Hey group, Introductions are I order! I am glad to have found you. I am a long time tail dragger driver. I received my certification 44 years ago in an 1946 Aeronca. I don't fly much any more but have enjoyed flying a 7-AC, 11-AC, ( 800 hours), Piper J-3, Citabria ( 200 hours) as a tow pilot for local glider club and also time in a PA 25 Pawnee Ag plane converted to tow gliders, Also have 200 hours in several types of gliders, Owned several Cessna 172's, Have time in a Cherokee 6 and Piper PA 32-R Lance and most recently learning the bad habits of helicopters with my son, a CFI Rotorcraft Instructor, in a R-22, Guimbal Cabri G2, and the R-44 Robinson. Helicopters are much more fun, and work!Glen
Helicopters are more fun (practicing autorotations is more fun than fixed wing engine out practice), but they are way more expensive to rent/maintain as well! How is the R-44 compared to the R-22? I only have time in the R-22, but it was fun to request a transit through the Boston Class B airspace and circle the inner harbor via the helicopter routes. Coming up from Norwood, requesting the FENWA route let you follow the Orange Line subway tracks in, then cross between Fenway Park and the Prudential Tower, then follow the Charles River in to the harbor. Do a loop of the harbor to check out USS Constitution, the new federal courthouse, the airport, and request one of the routes back out. Our club decided anyone who wanted to rent the Robinson had to go to their factory class in California. That was the end of renting the Robbie.

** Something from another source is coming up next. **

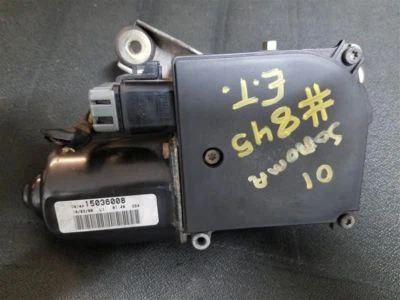 Motor limpiaparabrisas compatible con 98-05 Blazer S10/Jimmy S15 109700 Foto 1 de 4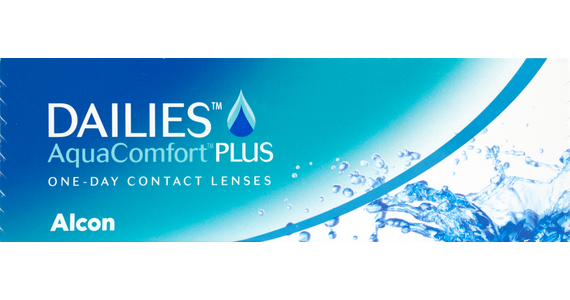 Dailies AquaComfort Plus 30er - Ansicht 2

The R-44 is much more stable than the R-22. The 22 is very twitchy as you know. The Cabri is a joy to fly with the fenestron on the tail, not near as much tail authority as a rotor but fun to fly with excess horsepower for it's size and three main rotors. My son is flying the AS-350 b A-Star presently in Alaska. Can't wait to get some time in that one!

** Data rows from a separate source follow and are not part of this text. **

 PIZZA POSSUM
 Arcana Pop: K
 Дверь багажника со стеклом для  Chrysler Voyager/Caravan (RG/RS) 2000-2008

The R-44 is much more stable than the R-22. The 22 is very twitchy as you know. The Cabri is a joy to fly with the fenestron on the tail, not near as much tail authority as a rotor but fun to fly with excess horsepower for it's size and three main rotors. My son is flying the AS-350 b A-Star presently in Alaska. Can't wait to get some time in that one!Glen
The R-22 did give me good habits when I went to get my instrument rating. I knew to make very small inputs and not chase the needles flying an ILS approach.